After investigation, I identified the following constraints.

The co_argcount, co_kwonlyargcount of the code object has to be 0 for a module.
The co_nlocals and co_stacksize of a code object is a signed integer and are used to allocate memory. Thus, the most significant bit has to be 0. And the bigger the last Byte (the most significant one; LE, you know) is, the more likely it is to fail (due to trying to allocate too much memory).
The co_flags of a code object has to avoid some bits: 0x20, 0x80, 0x200. Other than these last three, the value can be set to any one we want.

Thus, it keeps these following fields free of any constraints.

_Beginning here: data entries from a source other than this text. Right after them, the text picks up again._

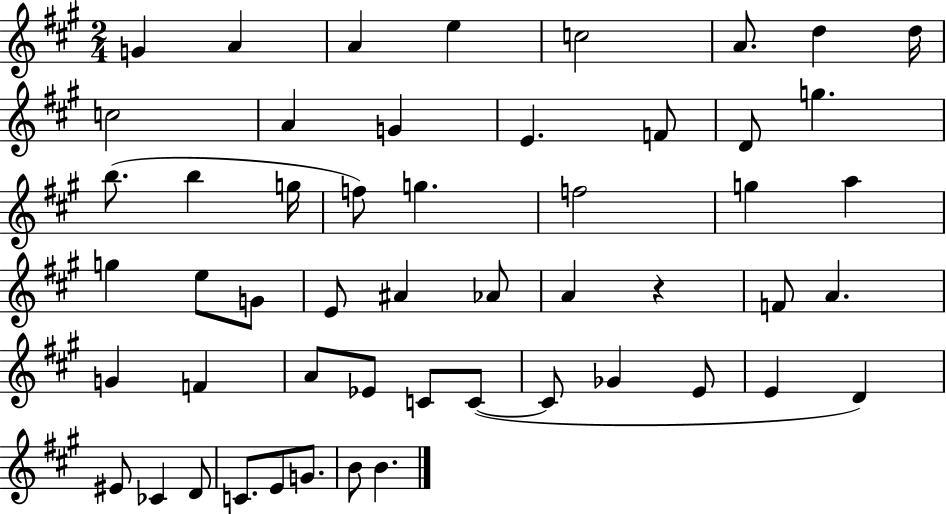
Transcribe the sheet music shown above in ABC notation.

X:1
T:Untitled
M:2/4
L:1/4
K:A
G A A e c2 A/2 d d/4 c2 A G E F/2 D/2 g b/2 b g/4 f/2 g f2 g a g e/2 G/2 E/2 ^A _A/2 A z F/2 A G F A/2 _E/2 C/2 C/2 C/2 _G E/2 E D ^E/2 _C D/2 C/2 E/2 G/2 B/2 B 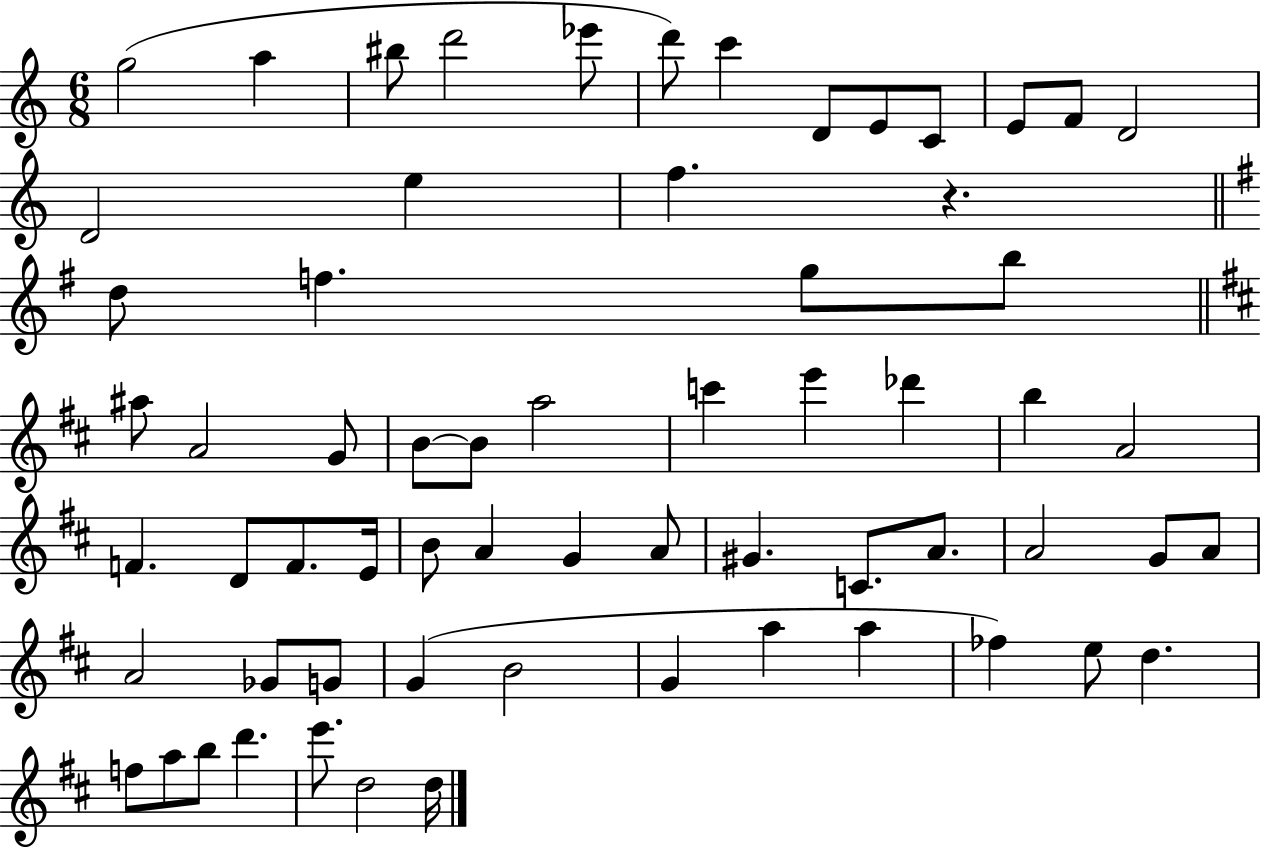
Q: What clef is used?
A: treble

The Timestamp of the PYC file;
The file size of the PYC file;
We may also put some arbitrary value, as strings, in a string array, as in constants or names.

I decided to try to make this payload polyglot with a shell and PHP. The first one is it seemed easy, and the second one is it's the first language I learned and practiced for years.

I tried to make a polyglot file using the opcodes, but didn't find a good way to exploit it.

Shell polyglot

When Dash, the famous /bin/sh on debian, meets an instruction that it can't execute, it shows an error, but continues to try executing the next thing identified as a command.

Thus, we may prefix the real command by a command separator (\n, ;, etc.).

To be sure that Dash will not meet a problematic char, we may try to insert, as early as possible in the file, a comment char (#). Dash will, thus, try to find the end of the line (\n) without executing code we cannot fully control (as bytecode). This is possible by putting the comment char in the timestamp or in the file size.

PHP polyglot

In order to make a PHP polyglot file, we have to change the payload. Indeed, if we execute the Dash payload, the $0 will refer to the /bin/sh binary and not to the file to copy. Actually, I didn't find a way to make a Dash payload which would be really polyglot.

Thus, we would be tempted to use a string containing <?php copy(__file__, 4); ?> in the PYC file. But this can be more optimized. Indeed, PHP has two interesting properties:

An inline comment may be declared in the same way as in a shell script (thus using the # char);
The \r (hex 0x0D) is accepted as being a char to declare a new line, thus closing inline comments.

Please note that we have to start the PHP code with a <?php, with the trailing space.

Thus, we may use <?php # anywhere in the file, in a space we may fill freely, and store a string containing the PHP payload (\rcopy(__file__,4);?>) before the Dash payload.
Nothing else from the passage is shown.